Would you say that this suit here or the grey sharkskin suit from From Russia with Love (https://www.bondsuits.com/somersets-grey-pick-and-pick-suit-in-from-russia-with-love/) is more “medium/middle of the road” grey?
They’re roughly the same and both are a little darker than a perfect mid-grey. The Skyfall pick-and-pick suit is closer to a mid-grey, but it has a warmer cast. https://www.bondsuits.com/the-skyfall-grey-pick-and-pick-suit/
Thanks. After looking at these and the Skyfall suit, I think the one in FRWL or the one shown here would be more versatile/better for business, even if they aren’t exactly medium grey. The Skyfall one (poor fit notwithstanding) is a bit too “shiny” for my taste.
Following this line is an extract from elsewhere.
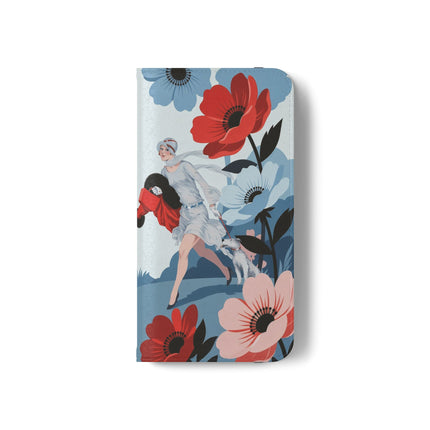 🌺🐕 The Lady Of The Flower Walk Flip Case – Art Deco Garden Stroll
You mention a slimmer trousers leg in TWINE (and DAD I guess). What would you say is the trousers width at the bottom ? Also how long would you say the jacket back is (including collar) ? Thanks !
The hem is about 16.5 to 17 inches around. It’s difficult to say what the jacket length is since I don’t know how Pierce is proportioned.
What would the trouser hem have been on the GE trousers?
I would guess it’s about 17 to 17.5 inches.
Interesting. Most trousers in the mid-90s would have been around 18-19 inch hem in my experience.